Here’s a classic example from interview lore: you need to determine whether a mortgaged property’s value exceeds the $100,000 loan balance. No appraisal available. But you know that a comparable house in worse condition sold for $100 per square foot, and from the floor plan this house must be at least 1,000 square feet. So:
\[ \frac{\$100}{\text{sq. ft}} \times 1000 \text{sq. ft} = \$100{,}000 \]
The property almost certainly exceeds the loan balance. No complex modeling required.
This technique is particularly useful in early scoping meetings or ad-hoc regulatory requests where a directional answer is all you need.
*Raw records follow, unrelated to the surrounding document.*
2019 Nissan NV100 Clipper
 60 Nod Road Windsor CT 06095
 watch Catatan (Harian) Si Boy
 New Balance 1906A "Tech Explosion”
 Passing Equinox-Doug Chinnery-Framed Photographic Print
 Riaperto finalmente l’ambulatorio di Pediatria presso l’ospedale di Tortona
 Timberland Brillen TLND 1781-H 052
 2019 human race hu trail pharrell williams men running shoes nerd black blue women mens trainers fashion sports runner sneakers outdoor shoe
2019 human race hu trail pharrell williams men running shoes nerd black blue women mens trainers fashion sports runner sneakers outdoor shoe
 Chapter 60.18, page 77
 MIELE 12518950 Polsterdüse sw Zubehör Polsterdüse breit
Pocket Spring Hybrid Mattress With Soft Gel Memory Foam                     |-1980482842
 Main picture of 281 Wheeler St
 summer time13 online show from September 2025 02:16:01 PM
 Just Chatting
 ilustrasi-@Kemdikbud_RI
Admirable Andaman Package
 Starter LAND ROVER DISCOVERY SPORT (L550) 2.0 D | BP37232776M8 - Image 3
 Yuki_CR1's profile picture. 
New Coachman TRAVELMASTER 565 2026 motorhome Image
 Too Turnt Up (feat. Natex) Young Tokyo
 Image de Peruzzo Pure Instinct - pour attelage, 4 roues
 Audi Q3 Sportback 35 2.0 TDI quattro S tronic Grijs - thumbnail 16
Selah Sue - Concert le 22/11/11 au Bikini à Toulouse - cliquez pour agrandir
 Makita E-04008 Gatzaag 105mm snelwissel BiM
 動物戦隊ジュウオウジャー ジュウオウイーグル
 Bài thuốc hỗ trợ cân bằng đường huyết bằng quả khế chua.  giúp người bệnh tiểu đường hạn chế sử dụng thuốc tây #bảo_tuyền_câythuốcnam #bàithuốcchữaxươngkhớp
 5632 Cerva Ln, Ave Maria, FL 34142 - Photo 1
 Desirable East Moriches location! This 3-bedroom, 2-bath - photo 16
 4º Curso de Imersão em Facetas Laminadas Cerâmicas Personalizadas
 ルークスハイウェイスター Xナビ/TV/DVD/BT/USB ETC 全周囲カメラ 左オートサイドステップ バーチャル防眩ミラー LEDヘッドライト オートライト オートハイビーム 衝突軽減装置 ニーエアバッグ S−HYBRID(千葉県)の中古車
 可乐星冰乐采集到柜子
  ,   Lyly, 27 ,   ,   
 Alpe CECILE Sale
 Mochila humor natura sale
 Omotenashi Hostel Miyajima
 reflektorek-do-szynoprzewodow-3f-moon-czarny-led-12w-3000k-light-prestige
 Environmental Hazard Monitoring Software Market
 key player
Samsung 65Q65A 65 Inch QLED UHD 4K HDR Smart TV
Before committing to a massive simulation run, do a miniature version first. Fix the random seed, use a handful of scenarios, and verify that everything works end to end. This catches problems like:
A ten-scenario dry run that takes five seconds can save you from discovering bugs halfway through an overnight batch job.
Model validation is essential. The most common validation approach is static: split your data chronologically, fit on the earlier period, and test on the later period. This tells you how well the model generalizes to unseen data.
using Random, Statistics, LinearAlgebra
T = 200
x = rand(T)
y = 1.0 .+ 2.0 .* x .+ 0.1 .* randn(T)
# Chronological holdout
cut = 150
Xtrain = hcat(ones(cut), x[1:cut])
ytrain = y[1:cut]
Xtest = hcat(ones(T - cut), x[(cut+1):end])
ytest = y[(cut+1):end]
θ = Xtrain \ ytrain
ŷ = Xtest * θ
println("MSE: ", mean((ŷ .- ytest) .^ 2))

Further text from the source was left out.